È quanto emerge da un’indagine sulla presenza dei vini bianchi autoctoni nella ristorazione italiana segnalata dalle principali guide, realizzata da Nomisma-Wine monitor per l’Istituto marchigiano di tutela vini (Imt) e presentata a Vinitaly.
 
La varietà del vigneto Italia
L’indagine rileva tutta la varietà del vigneto Italia in un solo dato. I 10 vitigni principali del Paese valgono il 40% dell’intera produzione italiana, pochissimo rispetto al resto del mondo.
In Francia la top 10 rappresenta il 72%, in Spagna il 75,5%, negli Usa l’81,5%, in Australia l’88,2% e in Nuova Zelanda il 98%.
Una varietà che si sta rivelando sempre più un valore aggiunto per i ristoratori (220 gli intervistati tra sommelier, titolari e cuochi): su 126 etichette di vini bianchi in carta, sono 64 le etichette di autoctoni, un dato che sale a 106 (50% del totale) nei ristoranti di fascia alta, a riprova del fatto che l’interesse cresce in maniera direttamente proporzionale alla qualità del ristorante.
 
Le Regioni più rappresentate
Tra le regioni più rappresentate in carta, vince nettamente il Friuli Venezia Giulia (40%), seguita da Alto Adige (15%), Sicilia (9%) e Marche (7%). Underachiever (che potrebbero fare di più), emergenti, immancabili e onnipresenti. Sono le 4 categorie riassunte in una matrice che incrocia il tasso di penetrazione nelle wine list con il potenziale produttivo in termini di superficie.
 
I vitigni più ricorrenti
Tra gli underachiever troviamo 4 tra i più diffusi vitigni autoctoni: il Glera (Prosecco), il Garganega (Soave), il Catarratto e il Trebbiano.
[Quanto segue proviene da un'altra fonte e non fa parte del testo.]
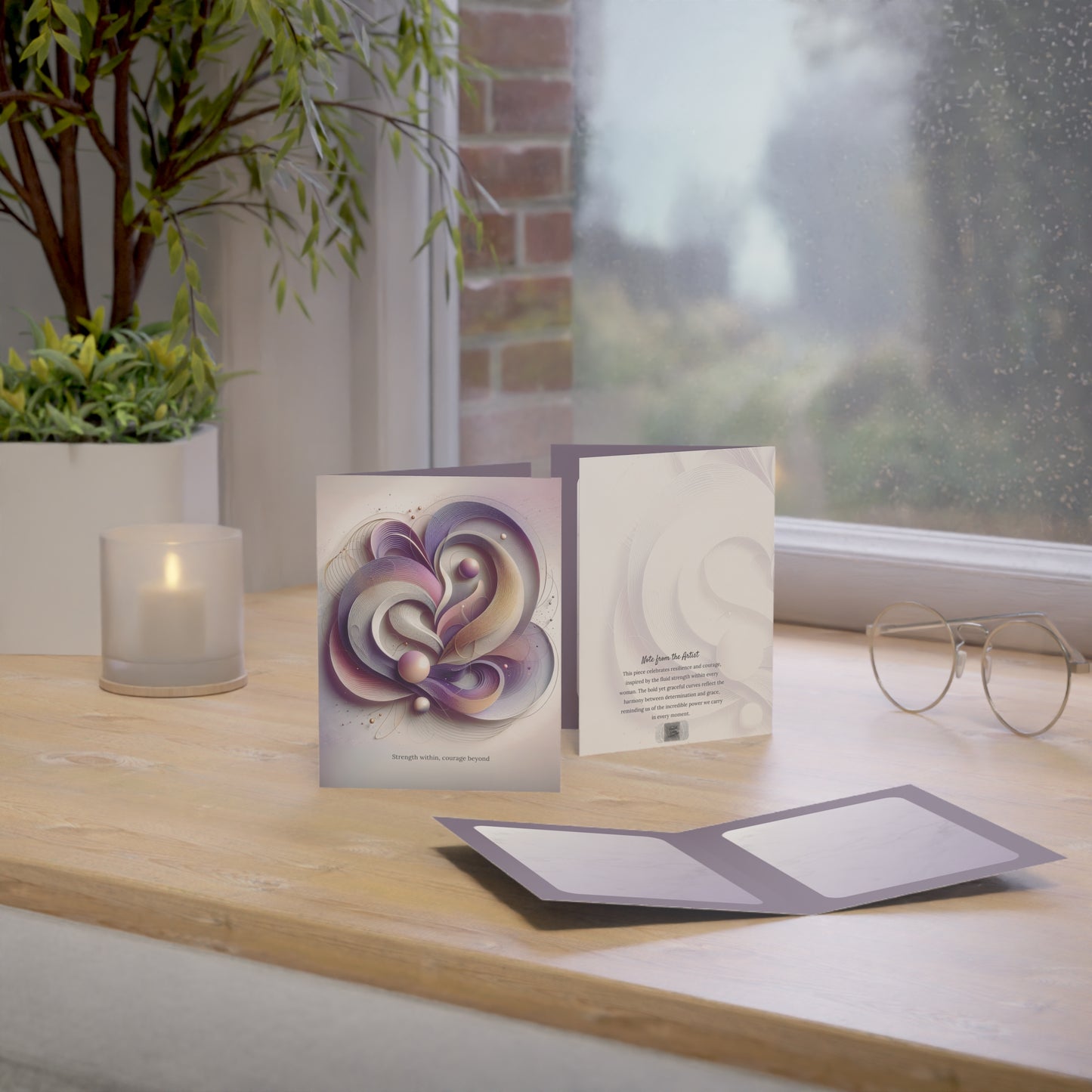 Lifestyle scene of the Strength Within card placed by a window with natural light, glasses, and candlelight, showcasing the full card set in a calming moment.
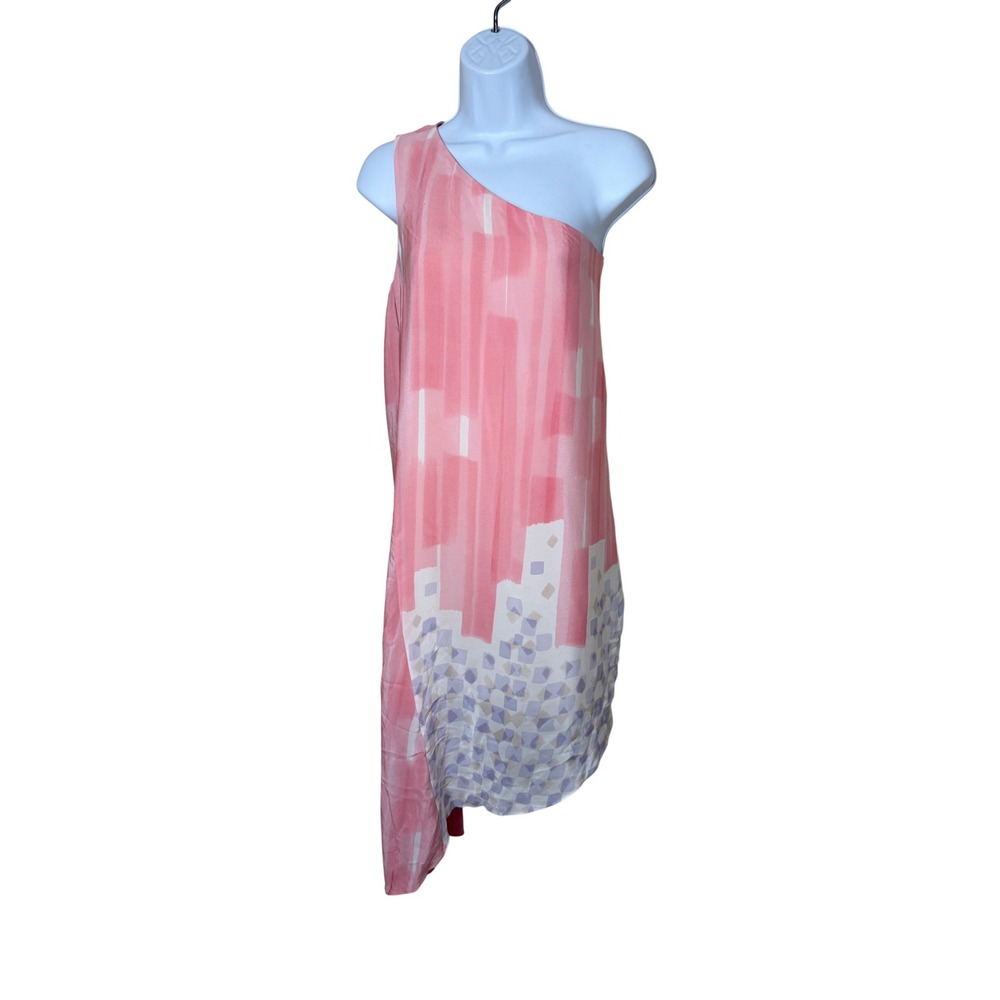 Maeve One-Shoulder Pink Geometric Print Dress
Tra gli emergenti, alcune nicchie: Pignoletto, Passerina e Pecorino, mentre sono ‘immancabili’ nei ristoranti Falanghina, Fiano, Vermentino, Friulano, Traminer e un altro marchigiano, il Verdicchio.
Onnipresente è infine il Moscato, nella maggioranza dei casi inteso nella sua interpretazione di vino dolce.
 
Chi vince sulla ‘carta’
In carta l’autoctono più presente (con esclusione della regione di appartenenza del ristorante) è il Traminer (Trentino e Alto Adige), presente nell’84% dei casi, prima di Moscato (78%), Tocai Friulano (74%), Vermentino (73%), Fiano (69%) e Verdicchio disponibile in 65 locali su 100. Seguono Falanghina, Trebbiano, Catarratto, Garganega, Pecorino (46%), Glera, Passerina (35%) e Pignoletto.
 
Il Verdicchio, eccellenza marchigiana
Per il direttore dell’Istituto Marchigiano di tutela Vini, Alberto Mazzoni:
“Il Verdicchio è ben presente nei ristoranti italiani di qualità e ancor più lo è in quelli di fascia alta (83%). Ma non basta, il posizionamento nella ristorazione non è lo stesso di quello riscontrato nelle guide o tra i consumatori dove vantiamo 2 primati. È importante riuscire a crescere in questo segmento dell’on-trade, perché rappresenta un canale fondamentale per un’affermazione più remunerativa del prodotto sul mercato”.